Problem description: Return every line below as is, leaving out the pictures.

Data provided:
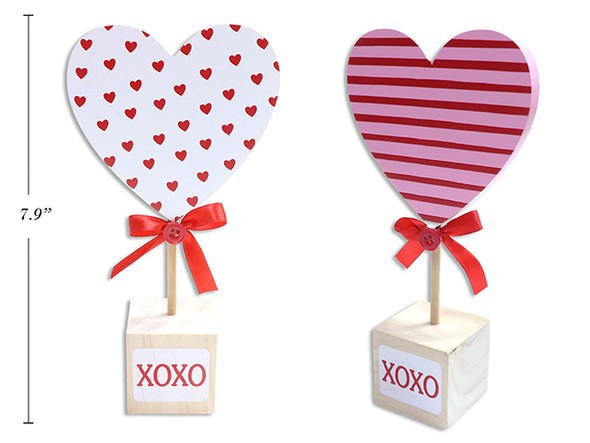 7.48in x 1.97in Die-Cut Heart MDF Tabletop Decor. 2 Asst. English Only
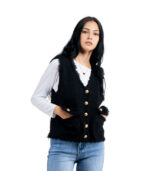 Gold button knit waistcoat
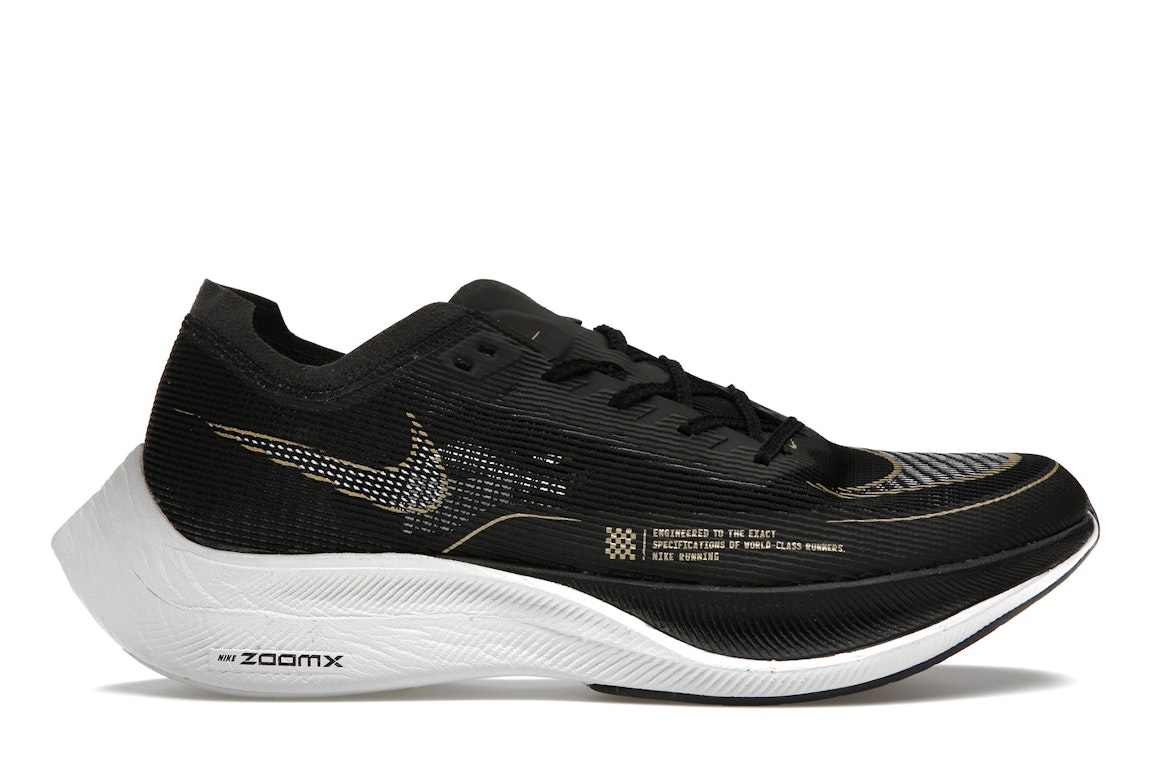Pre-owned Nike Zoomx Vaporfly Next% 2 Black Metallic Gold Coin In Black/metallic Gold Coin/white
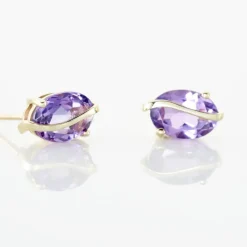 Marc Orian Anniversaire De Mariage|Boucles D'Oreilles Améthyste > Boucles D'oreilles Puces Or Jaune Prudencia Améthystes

Answer to the exercise:
 7.48in x 1.97in Die-Cut Heart MDF Tabletop Decor. 2 Asst. English Only
 Gold button knit waistcoat
Pre-owned Nike Zoomx Vaporfly Next% 2 Black Metallic Gold Coin In Black/metallic Gold Coin/white
 Marc Orian Anniversaire De Mariage|Boucles D'Oreilles Améthyste > Boucles D'oreilles Puces Or Jaune Prudencia Améthystes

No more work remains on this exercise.